▶ [What this task involves]: Among the entries below, only the lines from the one with "Realistic Grey Whale" through the one with "Герман Русанов - Птицы" are to be retyped, exactly and without pictures.
++++ Material for this task
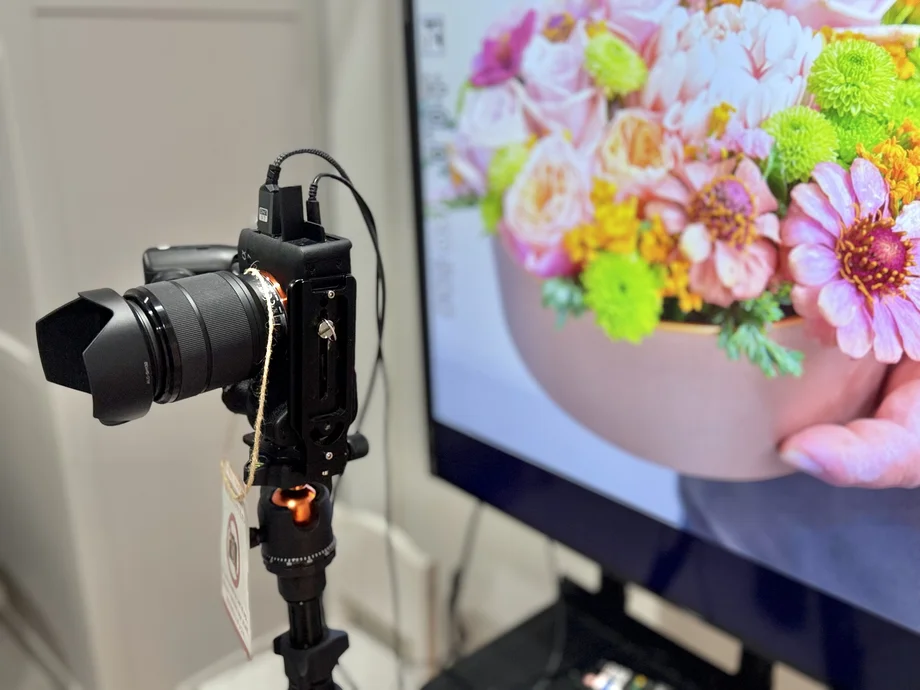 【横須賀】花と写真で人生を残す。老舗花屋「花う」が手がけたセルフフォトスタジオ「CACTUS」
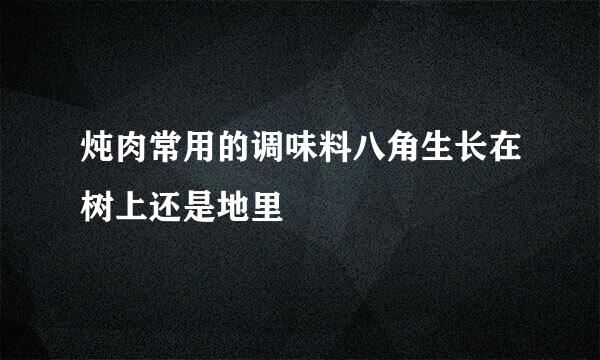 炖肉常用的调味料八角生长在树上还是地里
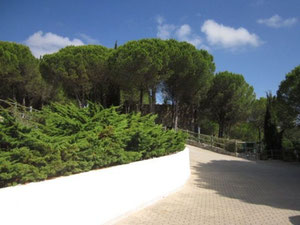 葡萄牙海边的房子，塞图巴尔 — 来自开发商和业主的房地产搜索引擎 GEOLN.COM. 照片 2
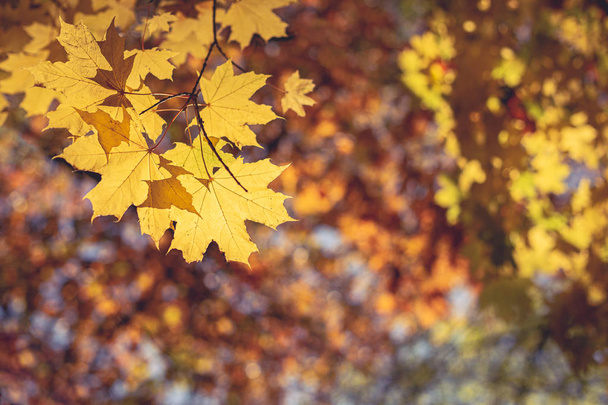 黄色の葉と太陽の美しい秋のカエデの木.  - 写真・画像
++++++++
++++ Material for this task
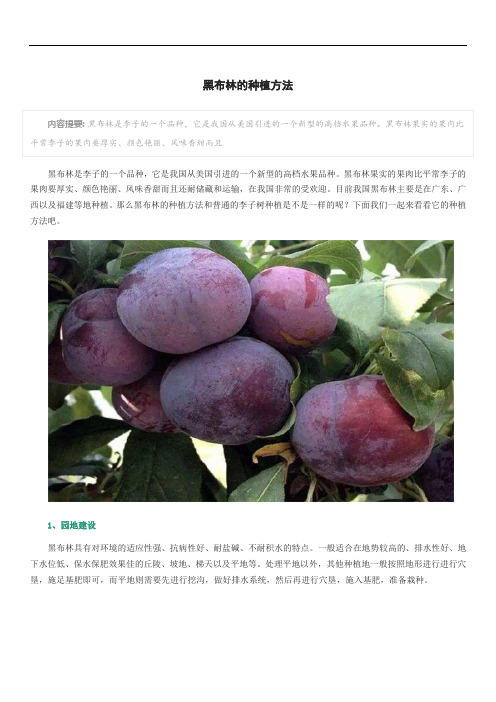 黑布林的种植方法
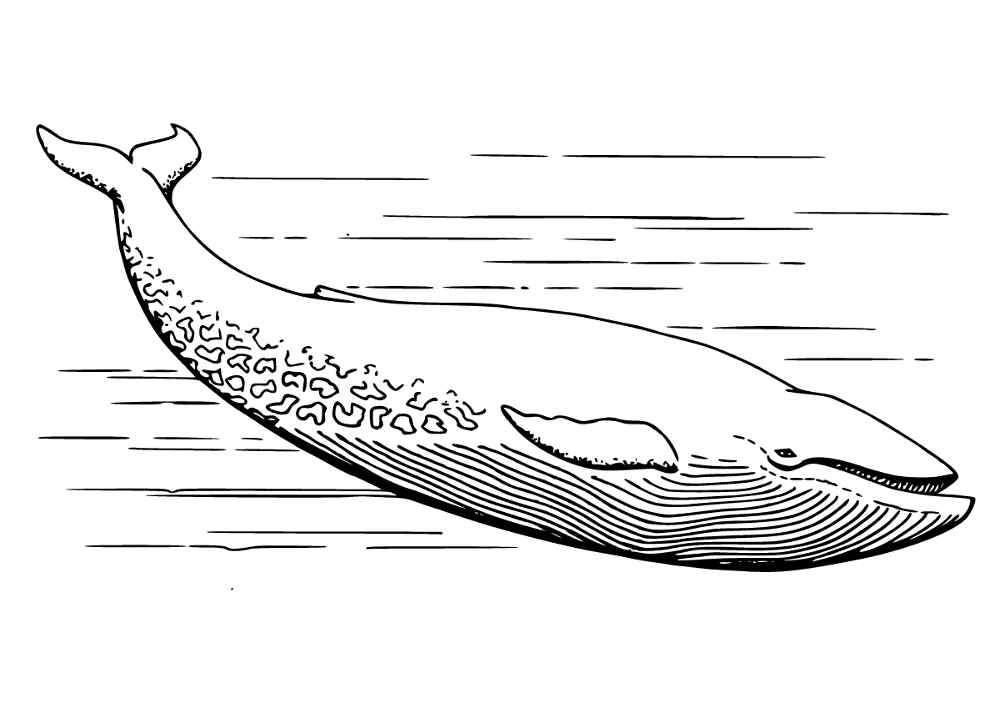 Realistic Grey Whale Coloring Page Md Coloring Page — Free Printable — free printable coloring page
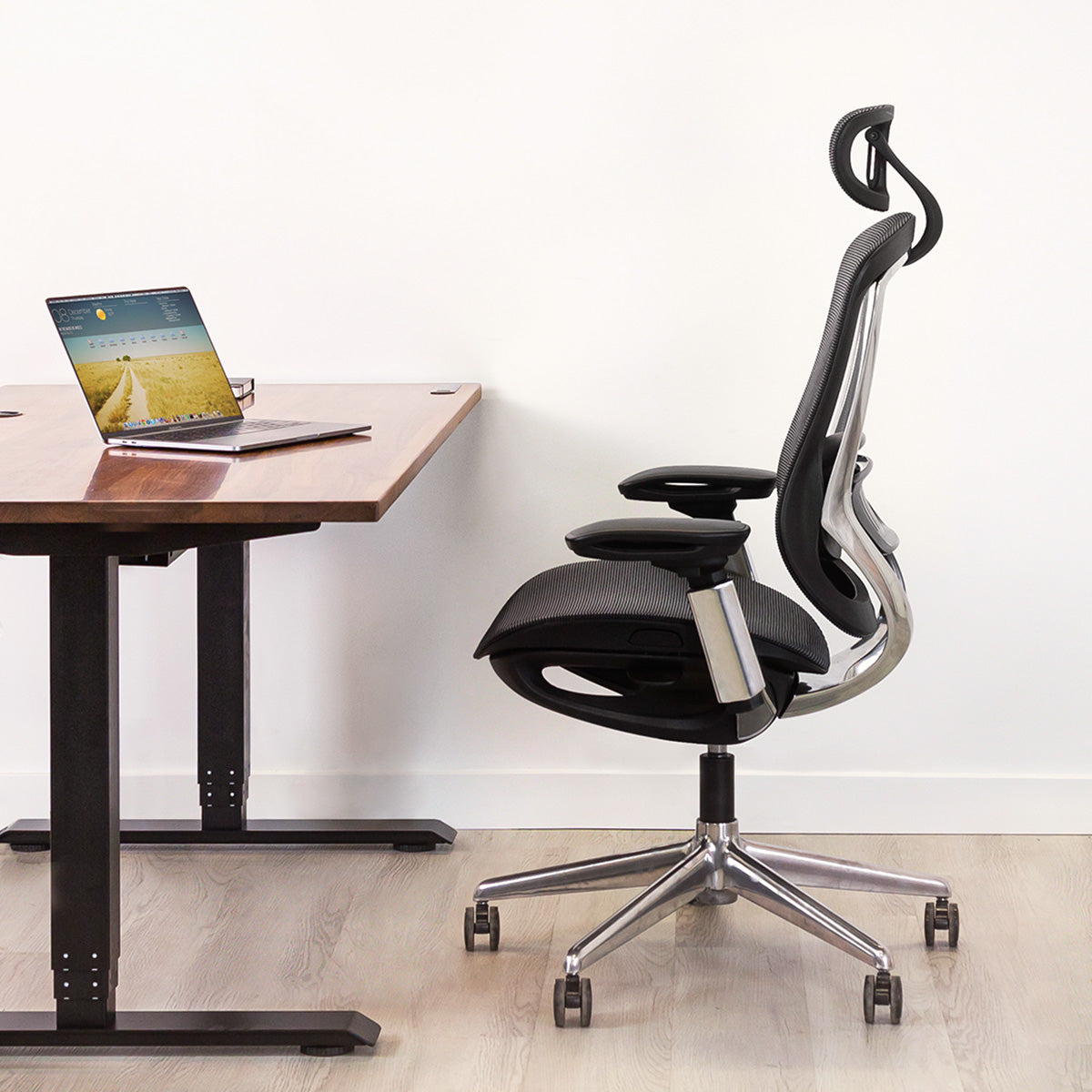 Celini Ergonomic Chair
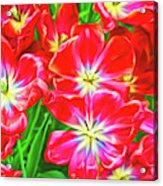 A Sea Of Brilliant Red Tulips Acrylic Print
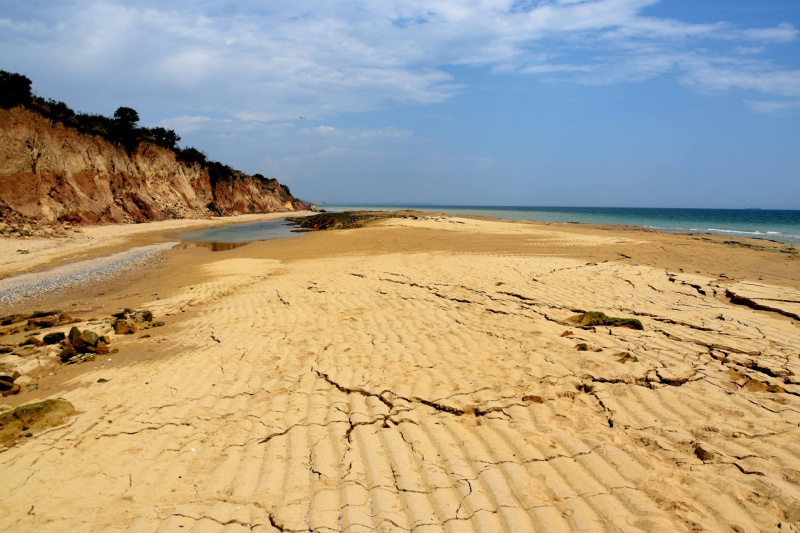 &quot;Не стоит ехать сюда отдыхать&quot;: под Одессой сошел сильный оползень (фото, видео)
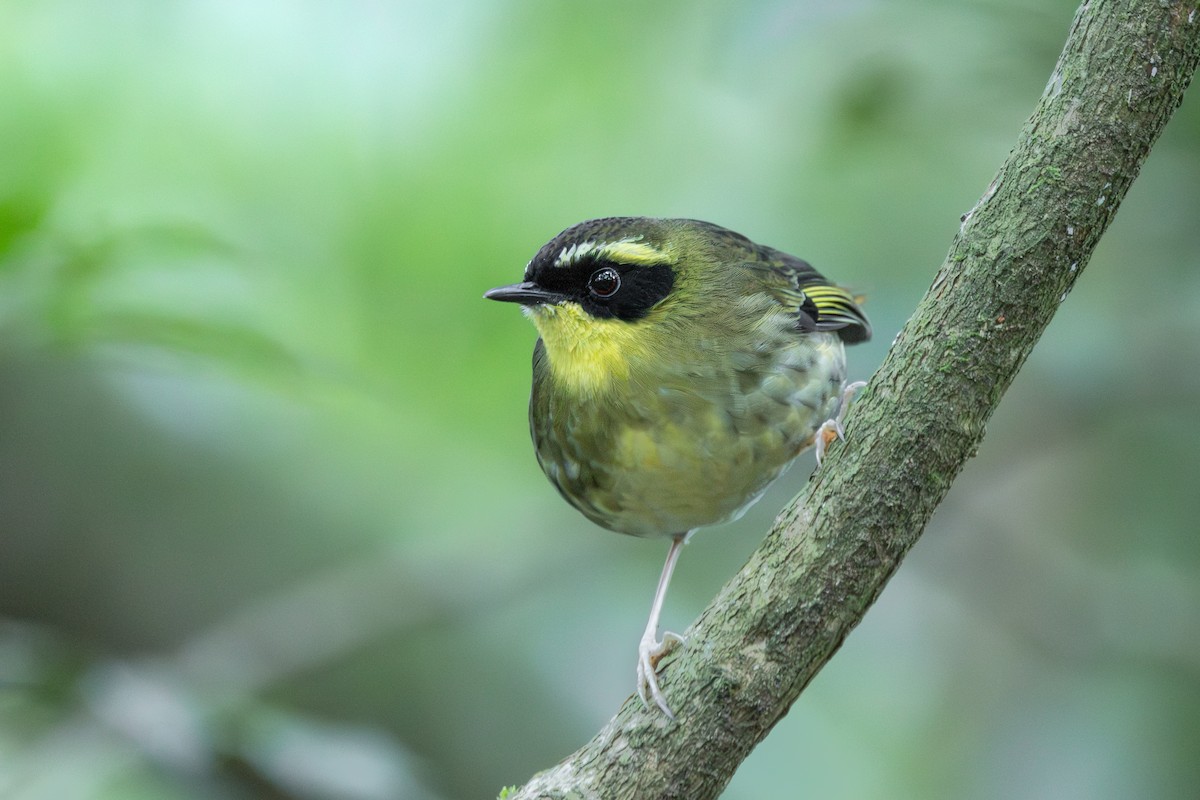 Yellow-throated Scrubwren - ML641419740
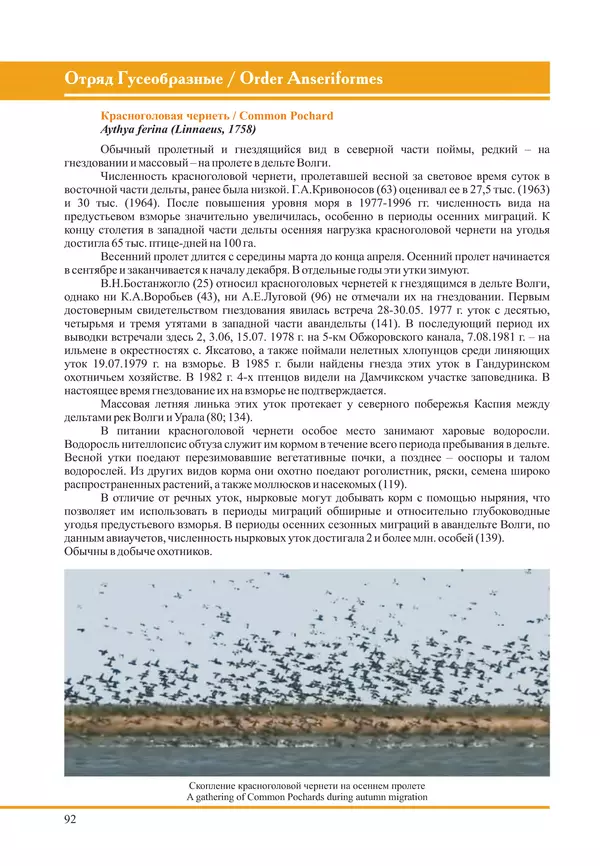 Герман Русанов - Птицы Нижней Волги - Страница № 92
++++++++
▶ [Response area]:
 Realistic Grey Whale Coloring Page Md Coloring Page — Free Printable — free printable coloring page
 Celini Ergonomic Chair
 A Sea Of Brilliant Red Tulips Acrylic Print
 &quot;Не стоит ехать сюда отдыхать&quot;: под Одессой сошел сильный оползень (фото, видео)
 Yellow-throated Scrubwren - ML641419740
 Герман Русанов - Птицы Нижней Волги - Страница № 92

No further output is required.